DATA BELOW

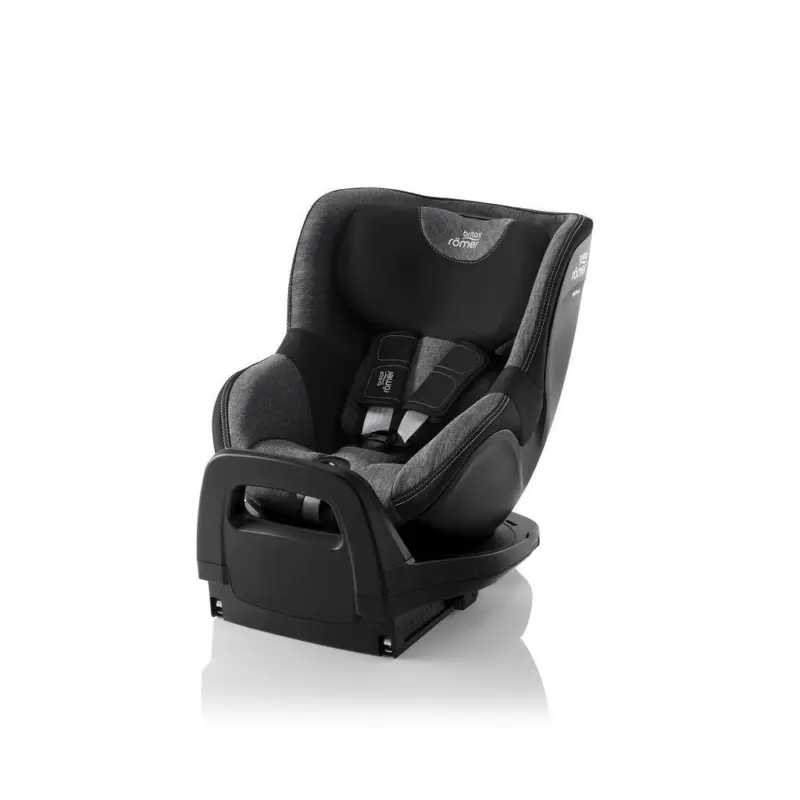Reboarder-Kindersitz Dualfix PRO M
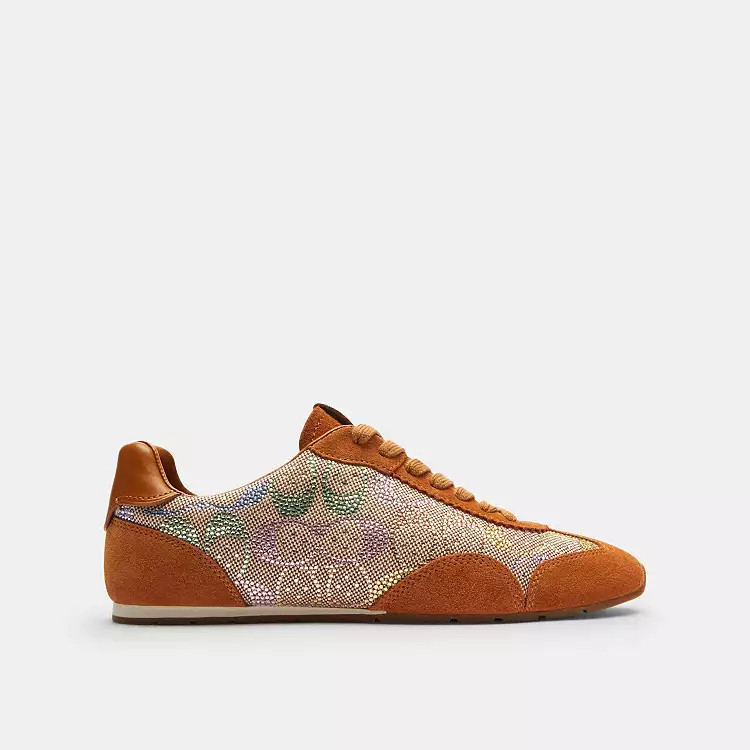 Flat Sneaker | Coach (US)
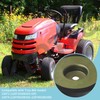 GW-2111 Horse Tiller Reverse Disc (3 3/4") - by KINTLE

REQUIRED WORK
Print all the material above exactly, and drop the images.

ANSWER TO THE EXERCISE
Reboarder-Kindersitz Dualfix PRO M
 Flat Sneaker | Coach (US)
 GW-2111 Horse Tiller Reverse Disc (3 3/4") - by KINTLE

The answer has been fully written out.